Thursday, 24 January 2008

Happy New Year. What do you mean, I'm late?

Ok, so it's been too long, but nevertheless here's wishes for a happy new year to all readers.

I hadn't realised it had been over a month, but there you are. Somehow I don't think you'll get a blow-by-blow account of all the doings, although for my memory's sake as much as anything else, I will say this: "Treat Midnight Service at Christmas as if it's a Sunday Service and try to rota people to do things. And remember to say thank you for all the things people do do without asking for recognition, and without whom things get rather hairy." You know who you are!

Long time back someone, I think it was Maggi, commented about how good a habit it was to write something daily if you aspired to be a writer, and that blogs were a good medium for that. And it's true. But they aren't the only medium, and since I got enticed into being an administrator for the Eshraval game I occasionally mention, a lot of my spare time has been focussed there. I was on the brink of quitting it entirely just before Christmas, and just before I could sound someone out about it all everything changed. In the week after Christmas serious creativity returned too, which is good news.... even if it does feel like it's waning again in the face of work pressures. (It really is very difficult to do two half jobs without feeling compelled to turn them into two-thirds jobs. It involves learning to stubbornly say "no", ring-fencing your time, being prepared to disappoint people - especially yourself, and accepting your limits.)

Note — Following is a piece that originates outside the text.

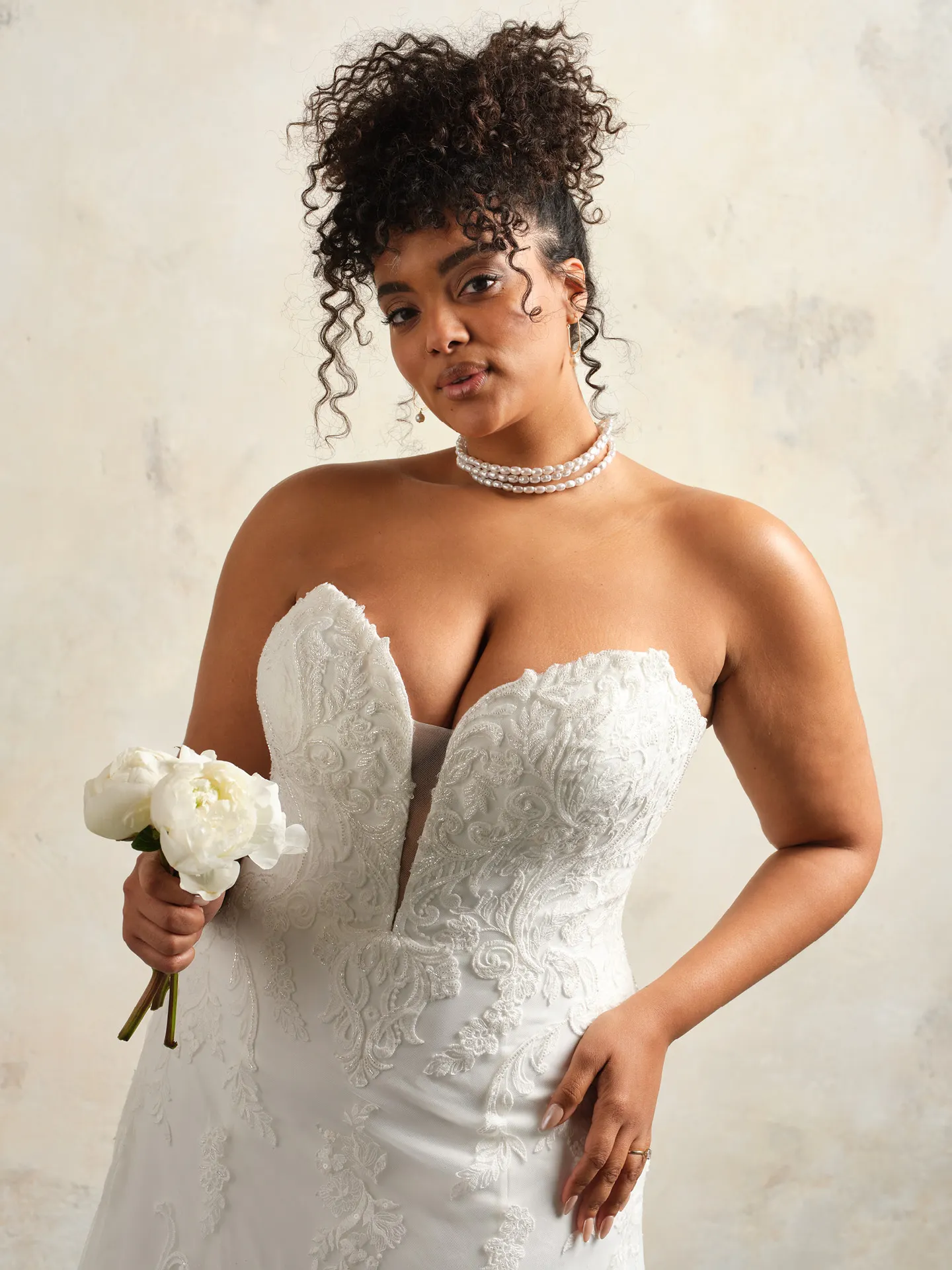 Maggie Sottero Lavish Kyler front view A-line lace detail with bouquet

Those who know me by now will realise that it's at about this point in the post that I finally get around to what I was going to type, and while I've had a good set of questions from a regular reader over Facebook which I may, or may not answer here (see, I'm not ignoring you), all I really wanted to comment on was this...

It's funny how language works, or is interpreted. For example I saw a van a few days ago identifying itself as belonging to the "Reverse Logistics Division." Now I know, I think, what "logistics" are. But "reverse logistics"?

Is that something about sending the wrong parcel to the wrong person in the wrong place and at the wrong time?